Con la pura afirmación de clase y su institucionalización, bien como Estado obrero (la clase, el Partido y el Estado confundidos en una santa trinidad), bien como Estado del Bienestar (que socializa los ingresos de los trabajadores al precio de sujetarlos de por vida al trabajo y subalternizar o invisibilizar toda otra forma de pertenencia, reconocimiento y actividad), desaparecía esa otra dimensión constitutiva de la lucha de clases: afirmarse, sí, pero para dejar de ser. Que el neoliberalismo haya sabido atrapar y movilizar el deseo ambivalente de afirmarse y negarse (en esa huida hacia adelante del construirse, inventarse, hacerse permanentemente a sí mismo) no debería hacernos olvidar que esa dimensión del deseo fue previamente abandonada por una parte sustantiva de las izquierdas. ¿Derrota por incomparecencia? Quizá.

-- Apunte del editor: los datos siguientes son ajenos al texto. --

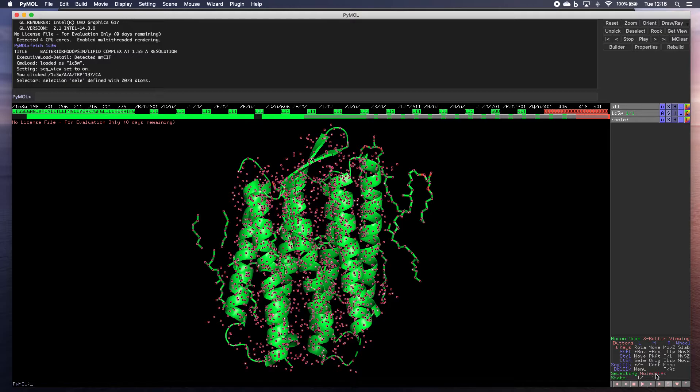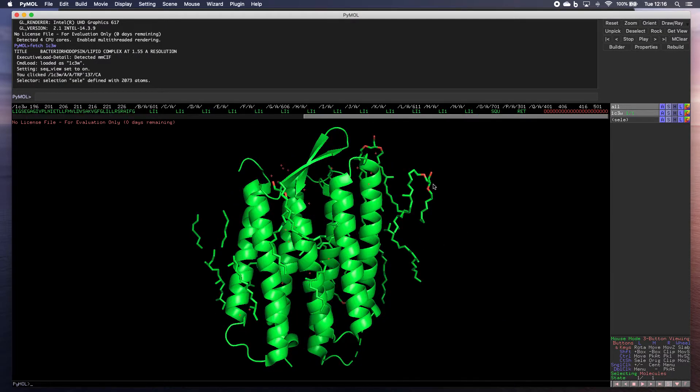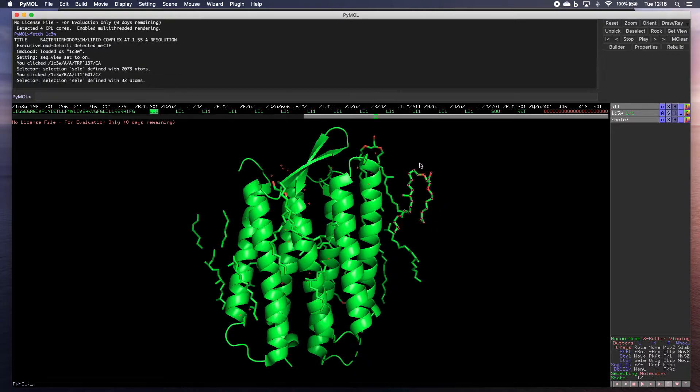Now we could alternatively click on molecules. So click off to deselect, then click on that one. And now it's just selected that particular molecule.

Excesiva síntesis de un proceso mucho más complejo esta que vengo de hacer para advertir, clamar o simplemente señalar que, antes de volver a un diagnóstico y una mirada (la clase, la economía, lo material, la verdad) que ya hizo aguas hasta ahogarse (y de hacerlo ignorando la enorme literatura académica y militante que desde al menos los 70 viene procudiéndose sobre el tema), conviene seguir pensando desde esta doble tensión contradictoria o ambivalente: la imposibilidad y necesidad paralelas de lo universal, es decir, el reconocimiento de que el todo, la unidad u homogeneidad social nunca están dadas y son el resultado de una articulación política siempre incompleta y precaria pero necesaria; la afirmación y negación paralelas de la identidad de todo sujeto político emancipador, es decir, emanciparse de tu propia posición e identidad en lucha al tiempo que la afirmas en el transcurso de esa lucha. 

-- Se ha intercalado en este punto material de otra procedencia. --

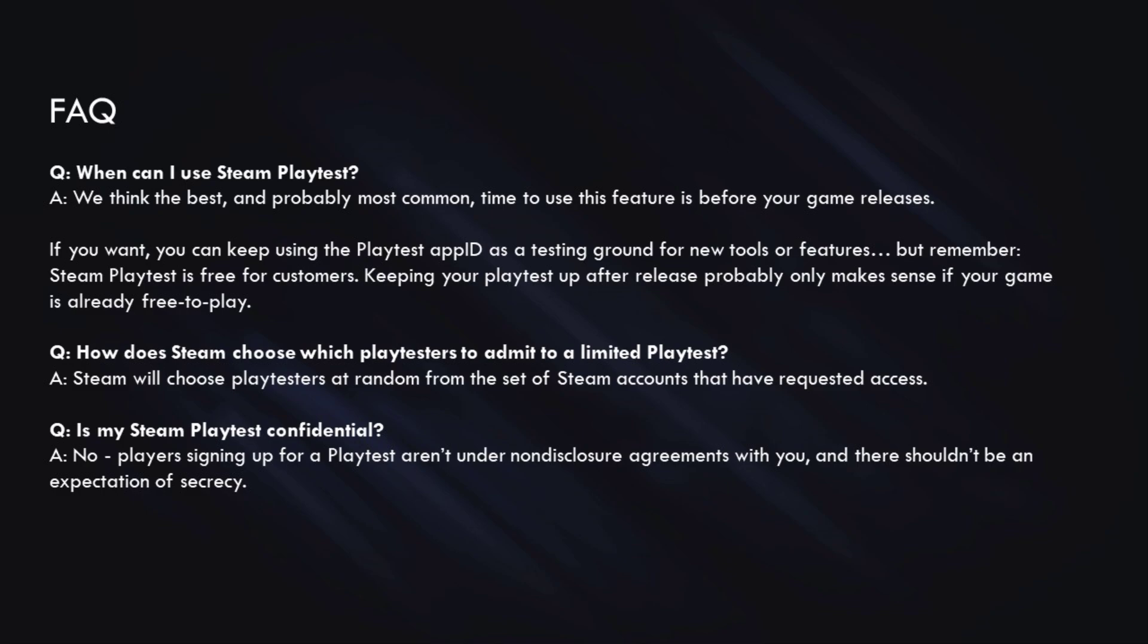Next is, is my Steam Playtest confidential? And the answer to that is no. Players signing up for a playtest aren't under any kind of non-disclosure agreement, and there shouldn't be an expectation that they have to maintain secrecy around the playtest.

Esta doble tensión solo se mantiene y actualiza como resultado de la virtud y la acción políticas, no como traducción/desvelamiento de una verdad material subyacente. Articular políticamente distintas demandas, deseos y necesidades de sujetos heterogéneos que, además, están atravesados por una disyuntiva o brecha constitutiva: afirmarse al tiempo que negarse. Este es, creo, el asunto.

Pero para pensar esta articulación política es necesario deshacer otras dificultades teóricas y prácticas que atraviesan el actual revival de la clase y lo material. De entrada, la que separa la economía de la cultura. ¿Habría luchas culturales que no afectan a la economía y luchas económicas no asentadas en batallas culturales? ¿No hay un componente cultural y económico indisociable en la conformación de las identidades sociales –de clase, género, raza, barrio o pandilla–? La economía es una lógica no cultural que se rige por principios… ¿de qué clase? ¿naturales? ¿económicos –viva la tautología–? ¿Ideológicos? Entonces, ¿qué? Igual conviene pensar la economía como la objetivación, cristalización y naturalización de relaciones de fuerzas, batallas culturales e ideológicas, victorias hegemónicas de unos grupos sociales sobre otros. Sin duda bajo una matriz de relaciones o modo de producción, pero en permanente transformación y sin centro ni, por tanto, ley estructural que todo lo determine y explique.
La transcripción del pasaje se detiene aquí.